What students and academics in universities globally need to do, not just in the West but in Latin America, Africa, and elsewhere is to help students and academics in ASEAN universities defend their intellectual counter-spaces in their own universities through pressure such as the reviewing boycott launched by Pavin and by providing, even just virtually, intellectual lifelines that reach over the military picket and the invisible shields of the authoritarian-minded “stakeholders.”


[1] James Scott discusses his ideas about state space in James Scott, Seeing Like a State: How Certain Schemes to Improve the Human Condition Have Failed (New Haven: Yale University Press, 1998) and in idem, The Art of Not Being Governed: An Anarchist History of Upland Southeast Asia (New Haven: Yale University Press, 2011). 

[2] I am using state-think here not to refer to ideology or political support for the state per se but the introduction or reinforcement of structures of thought that do limit thinking to certain avenues and blind the mind to alternative routes, drawing the intellectual inextricably into a particular intellectual framework in which the state’s ideas can make sense, ensuring that while the university product may support many different political choices in later life, alternatives that would fundamentally change the political order, do not even show up on the university graduate’s intellectual register.

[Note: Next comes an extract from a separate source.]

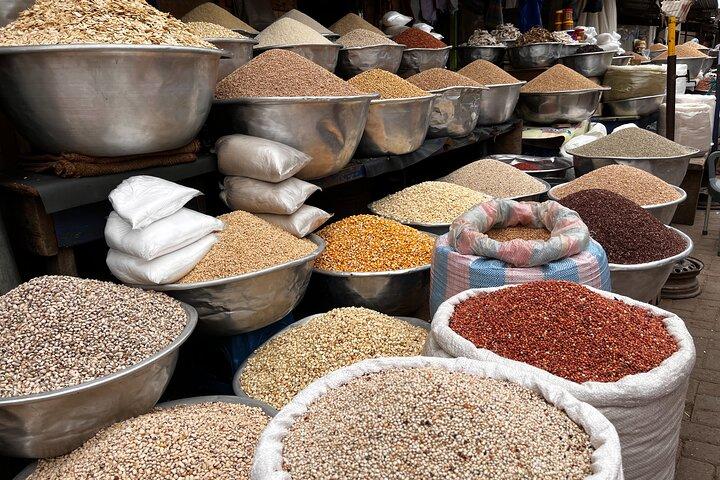 Makola & Kantamanto market food tasting - Private Tour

[3] Observers often confuse as intellectual counter-spaces the many high-profile research centres that have popped up at well-founded universities in the region in the last thirty years. Some states are savvy that international reputations are not built like this so cloak the core of a university with high profile links with elite institutions elsewhere, by creating nominal centres for critical thought, often brining in internationally-famous academicians, but these appendages very soon succumb to the colonial mode of university education like the rest of the institution and the famous personages they import flee, if they can, to Oxford or Kyoto, but never to another Southeast Asian university ever again. This game is about pretending to encourage critical thinking only to win higher ratings on international university rankings.